Spectacular debut of soft-focus, ultra-cool pop decadence, wrapped in catchy hooks & crash-n-burn relationship based lyrics. Recorded by Ellis Clark (June & the Exit Wounds/Chamber Strings/Epicycle).
Back in late 2000 Parasol planned to release a double debut CD by this prolific soft pop wonder. Division One/Atlantic beat us to it and released the single album Don’t Breathe a Word which Uncut magazine voted the #19 album of 2001. When Division One closed three months later Parasol reissued Don’t Breathe a Word in the U.S. concurrent with the 12-song companion album, titled Judo.
Uncut Magazine's #19 album of 2001. "After a couple of low-key EPs, the first album from Chicago based Tihista transcended the singer-songwriter genre with unobtrusive lo-fi mini-symphonies of layered harmony and swelling synth.
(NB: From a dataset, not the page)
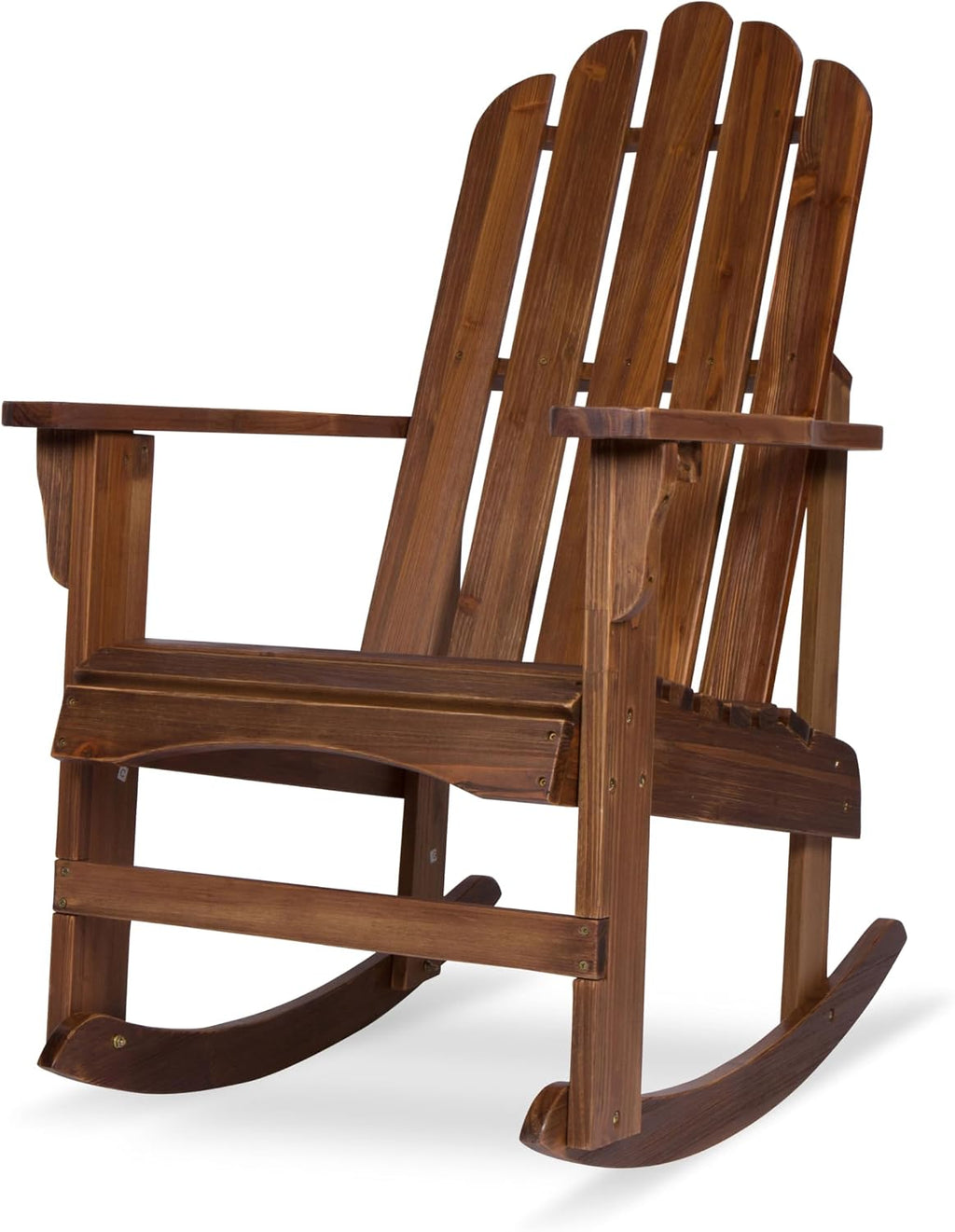 Shine Company Marina Adirondack Porch Rocker, Indoor Outdoor Wood Rocking Chair, Oak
Singing in a half-whisper that makes Nick Drake sound aggressive, Tihista has arguably made the most romantic record of the year."
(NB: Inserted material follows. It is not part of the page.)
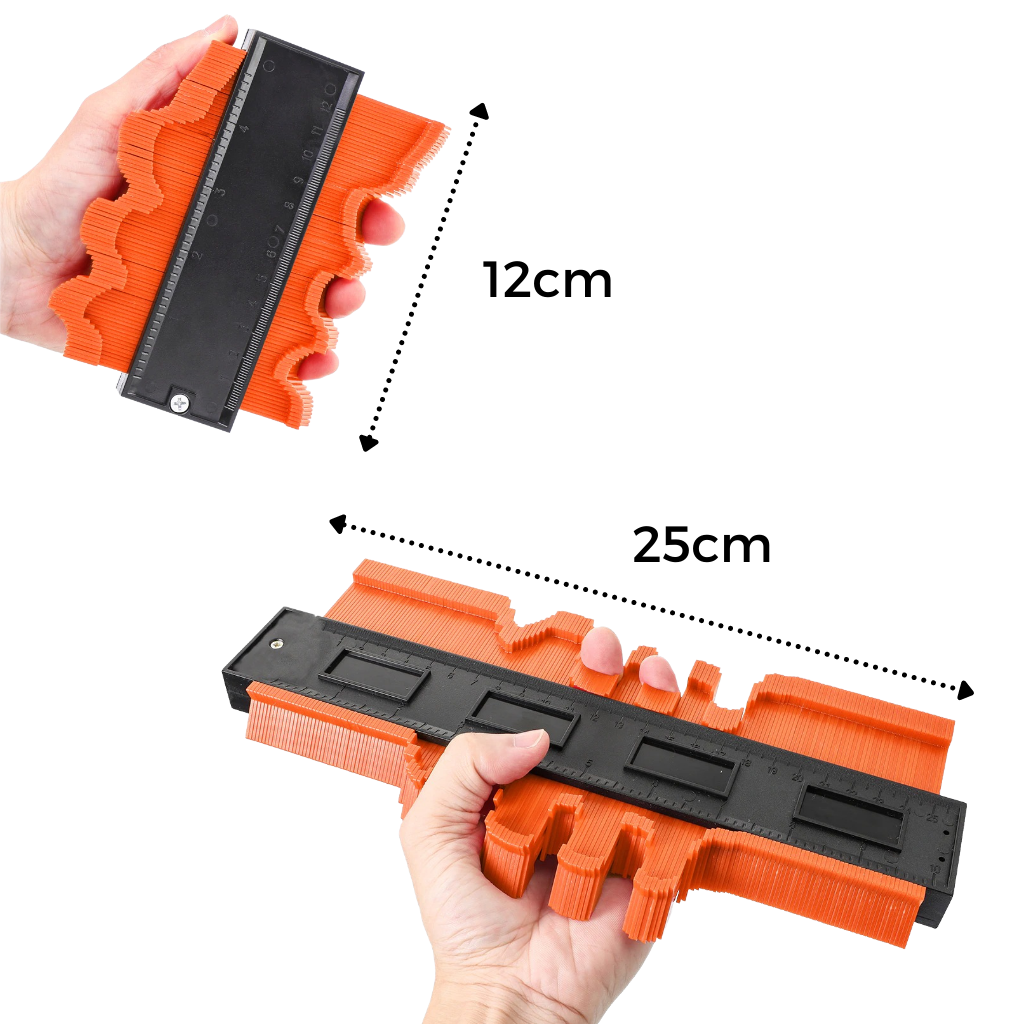 Contour gauge discount tool with lock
Mojo Magazine: "Full-length from sweetly sarcastic Chicago popster... Tihista's mordant, melodic songs and voice evoke both Harry Nilsson and Elliott Smith, as witty in outlook as they are rich in harmony and chromatic splendour."
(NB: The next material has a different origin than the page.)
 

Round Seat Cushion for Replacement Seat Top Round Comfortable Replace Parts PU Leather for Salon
Chicago Reader: "Tihista's melodies are subtle and he sings in a near whisper, shaping his hooks with a deliberate grace. Though the influence of John Lennon, Big Star, and contemporary pop sophisticates like Elliott Smith and Eric Matthews are readily apparent, Tihista's got his own style -- and his own weak points. "Some people have taken jabs about my lyrics," he admits. "They're all pretty much the same song -- crappy love, love gone bad, love gone good. So now I'm kind of fucked-up -- I gotta start singing songs about cars or my dog, but I've been trying and I just can't do it, so you get what you get. I'm the happiest guy in the world, but for some reason I love tragic love songs."